To solve this issue, you may try to run it on more gpus; or try smaller batch_size (this probably causes performance drop due to not the best batch_size setting, but need less thread).
Thanks for the response. I reduced the batch size to even minimum but still it doesn't work.I think this issue is not related to the batch size or heavy computation.I am attaching the memory status of gpu alongwith. I think it gets stuck somewhere but doesn't show any error.
Ok, if this is the first time you run your classification code, please wait for some time (about 1-2minutes, depending on the hardware) for compiling the CUDA op.
Also, after you finish compiling, if it stucks again at loss.backward caused by the limited threads, please solve it by reducing the batch_size or using more gpus.
Thanks for your response again. I have reduced batch size to even 4 but still it doesnt work. I am attaching the gpu usage screenshot as well.I think it gets stuck even before,(because its not even using gpu to the full capacity).
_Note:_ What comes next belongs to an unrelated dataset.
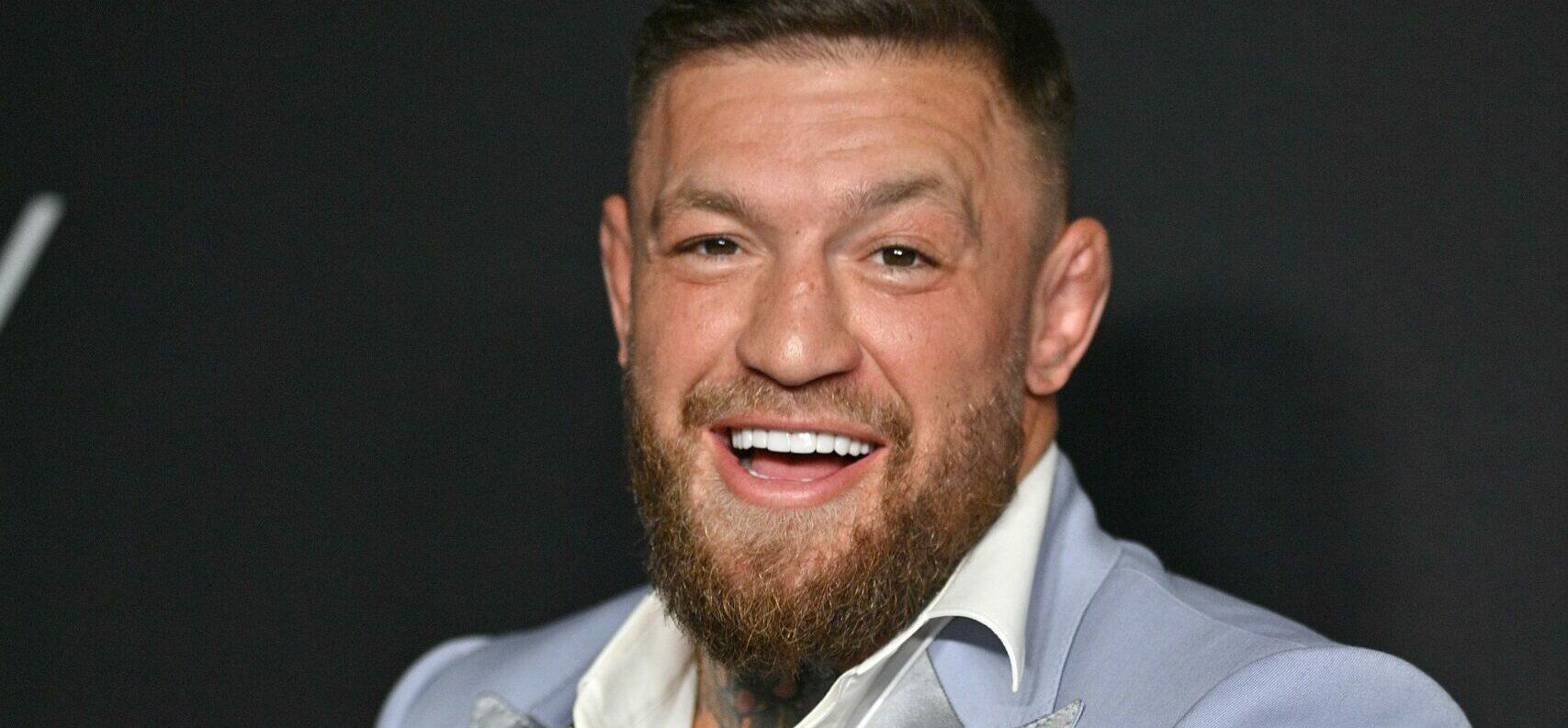 Conor McGregor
Does it keep stuck? Have you waited for more than 2 minutes?
Yes it does.I have waited for five hours.It just doesn't proceed an inch.
Ok, I have just run the code and the program runs normally with normal speed, while I use 4 3090Ti gpus or 4 2080Ti gpus under original batch_size.
As shown in your picture, I can make sure that the code is OK and you have compiled the cuda lib.
So as I mentioned before, this is caused by the very limited thread provided by your GPU (not only depended on the number of gpus but also the type of gpus).
What you can do now is to run on more gpus or better gpus to support our cuda_kernel.
Excuse me, I also encountered this problem. Is it solved now?
Excuse me, I also encountered this problem. Is it solved now?
For me using the pointnet option worked!
Hello ! your work is very interesting.When I tried to put the classification model on training it doesn't show any error,but it does get stuck here and doesn't proceed forward.Please tell me what is this issue? Thanks for your time.